*PROBLEM TO WORK ON*. Beginning with the first line below, retype exactly each line through the one containing "Metallic Ceramic Effect". Leave out all pictures.

━━━━━━━━━━━━━━━━━━━━

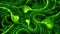 Green glowing quantum correlation abstract background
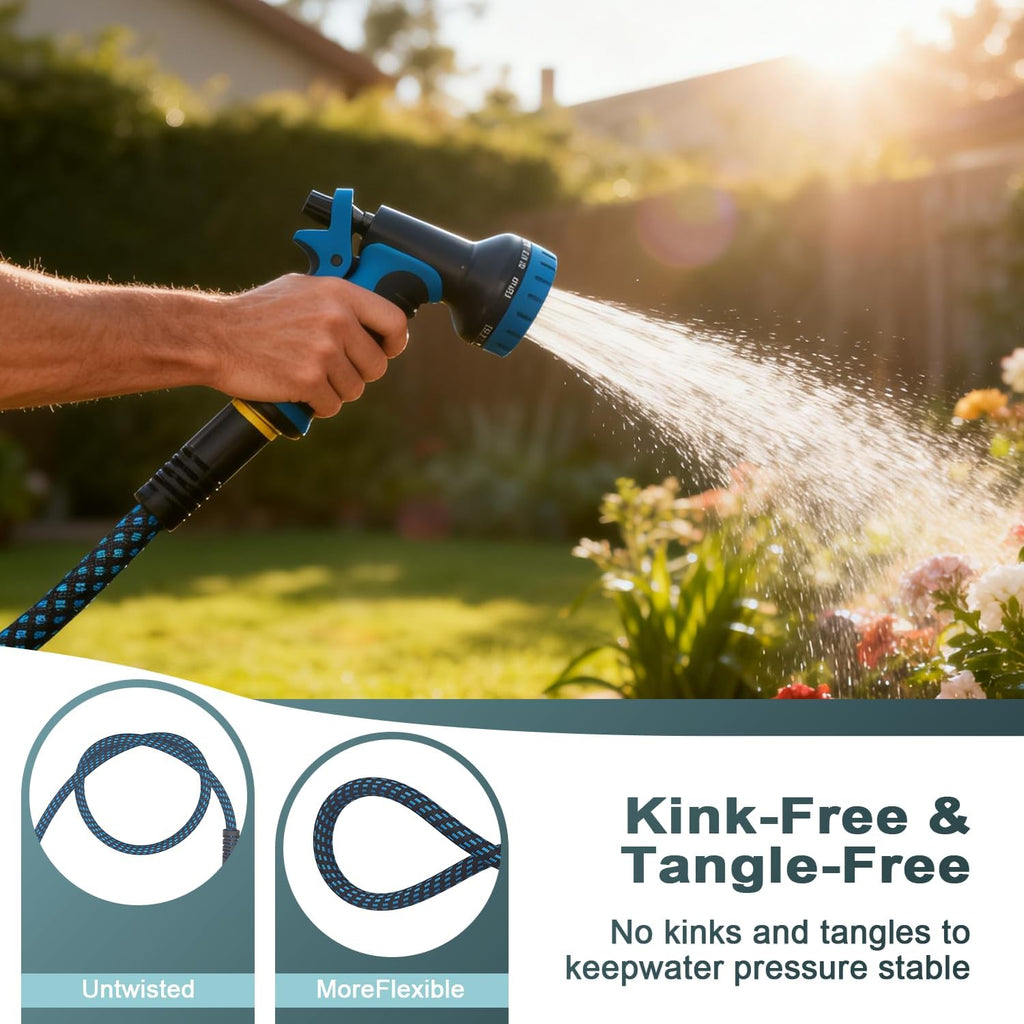 Garden Hose 50ft, Non-Expanding Water Hose Ultra Lightweight, Kink-Free Flexible Hose with 10-Pattern Nozzle, Durable &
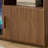 70"W Mid-Century Modern Fireplace TV Stand for TVs up to 75" with Fluted Doors & Large Storage & Curved Edges, Brown-750137754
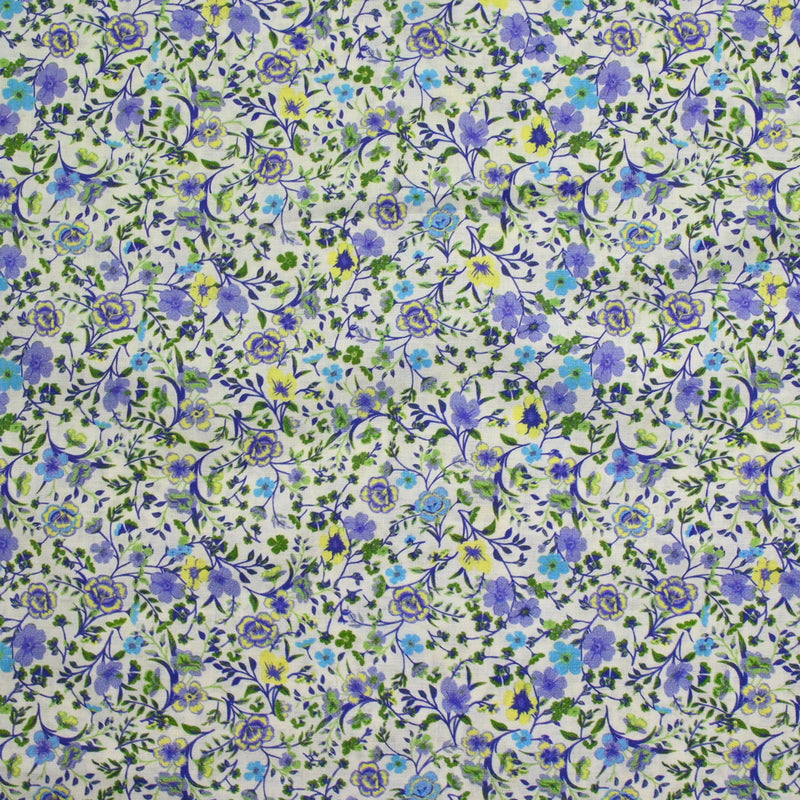 Coton imprimé Giorgia fleurs violet et bleu fond écru au mètre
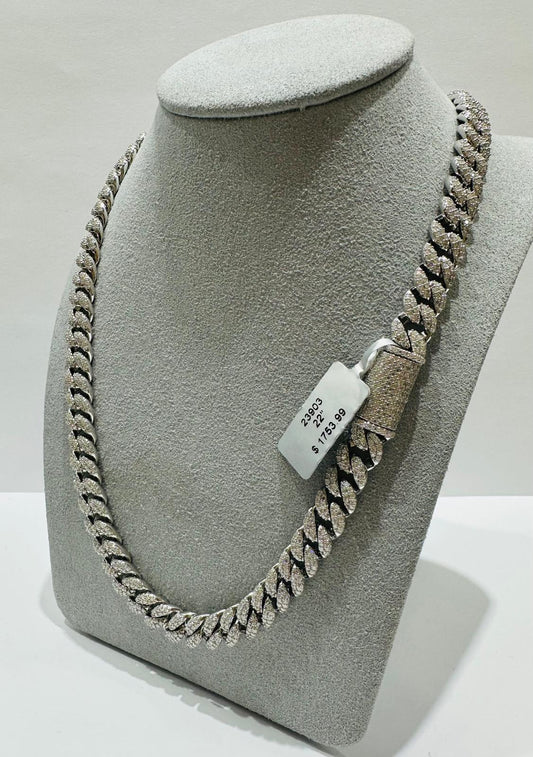 SILVER MOISSANITE NECKLACE VVS   10.72CTW   22"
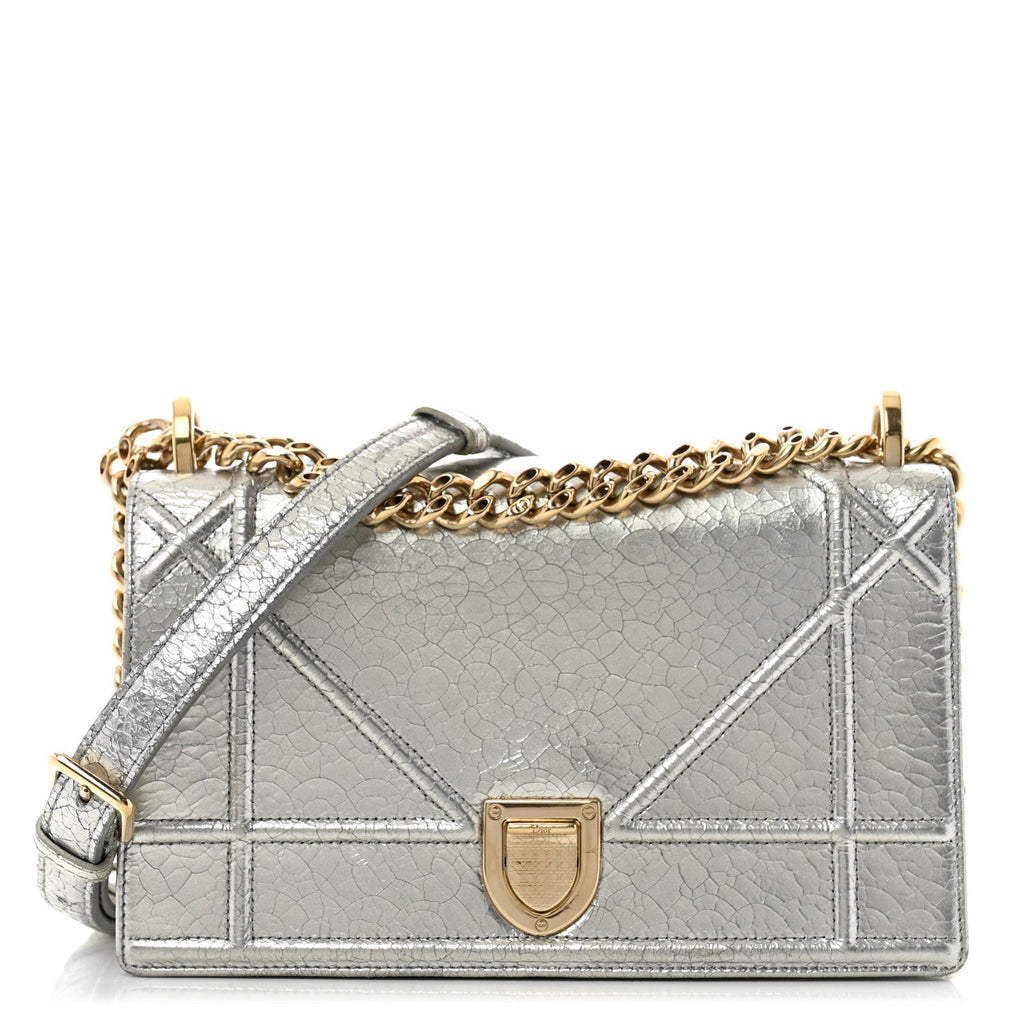 Metallic Ceramic Effect Deerskin Small Diorama Flap Bag Silver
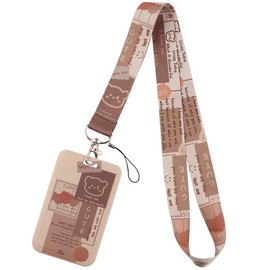 JIXIWANG Cute Bear ID Lanyard with Card Holder - Brown Preppy Keychain Be Kind Neck Strap Clip for Keys, ID Badges - for Teachers, Students, Kids, Women, Girls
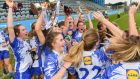  Waterford players celebrate with the Division Two cup at Parnell Park in Dublin. Photograph: Sportsfile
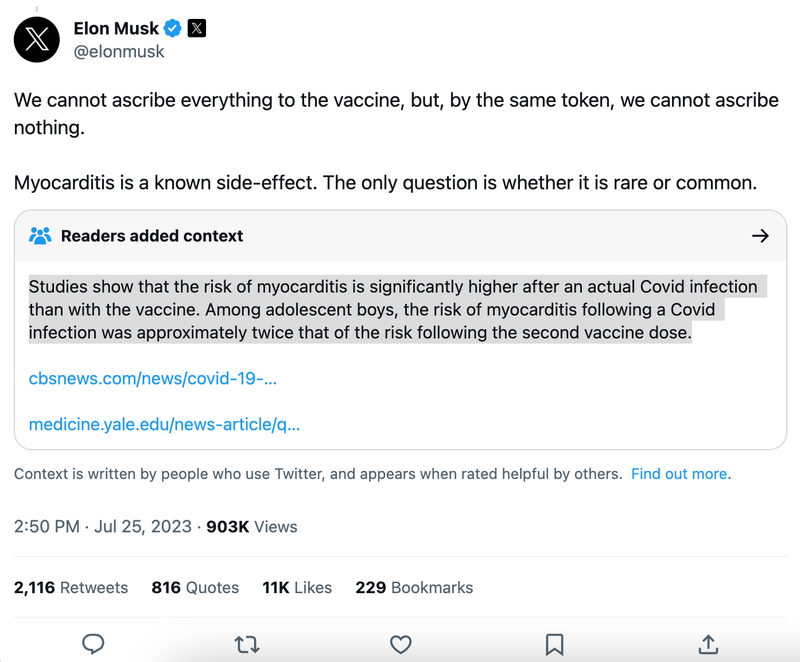 The now-deleted correction to Musk’s tweet. 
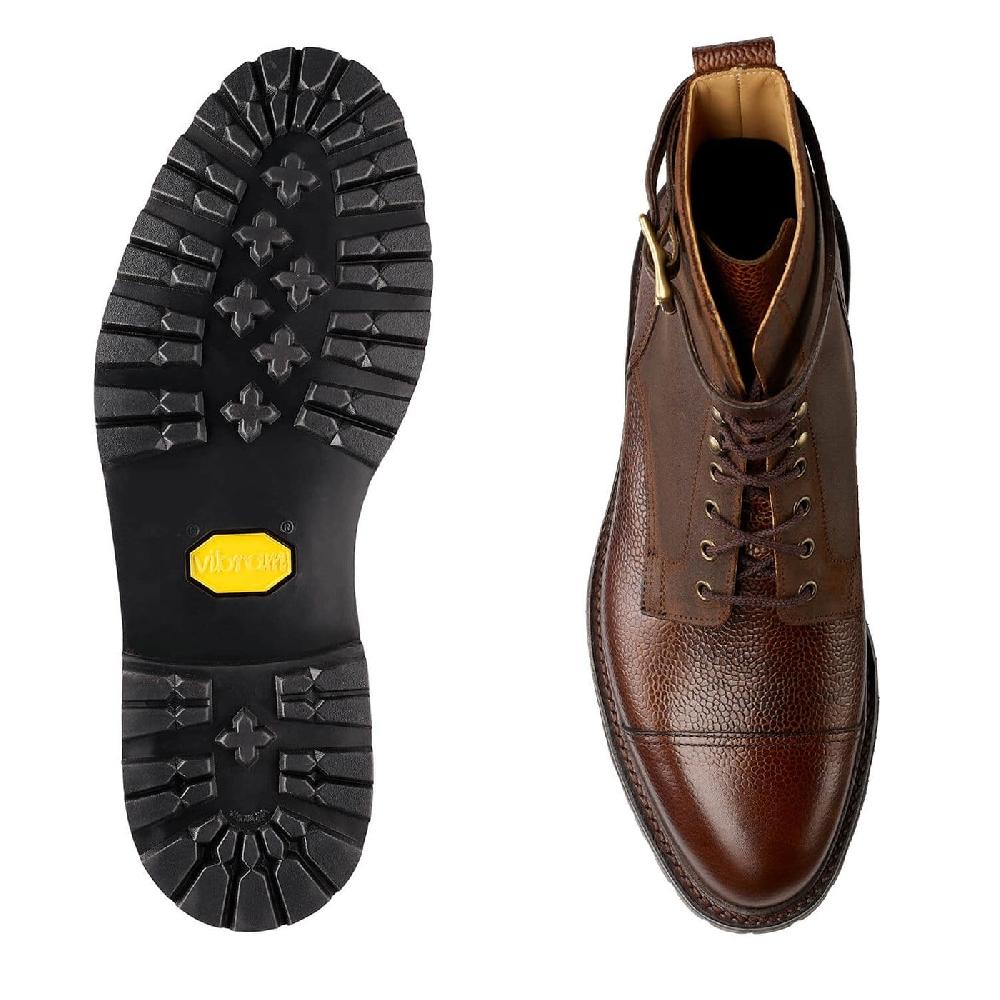 Crockett & Jones Aldershot Dark Brown Scotch Grain & Dark Brown Rough-Out Suede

━━━━━━━━━━━━━━━━━━━━

*RESPONSE TO THE EXERCISE*.
 Green glowing quantum correlation abstract background
 Garden Hose 50ft, Non-Expanding Water Hose Ultra Lightweight, Kink-Free Flexible Hose with 10-Pattern Nozzle, Durable &
 70"W Mid-Century Modern Fireplace TV Stand for TVs up to 75" with Fluted Doors & Large Storage & Curved Edges, Brown-750137754
 Coton imprimé Giorgia fleurs violet et bleu fond écru au mètre
 SILVER MOISSANITE NECKLACE VVS   10.72CTW   22"
 Metallic Ceramic Effect Deerskin Small Diorama Flap Bag Silver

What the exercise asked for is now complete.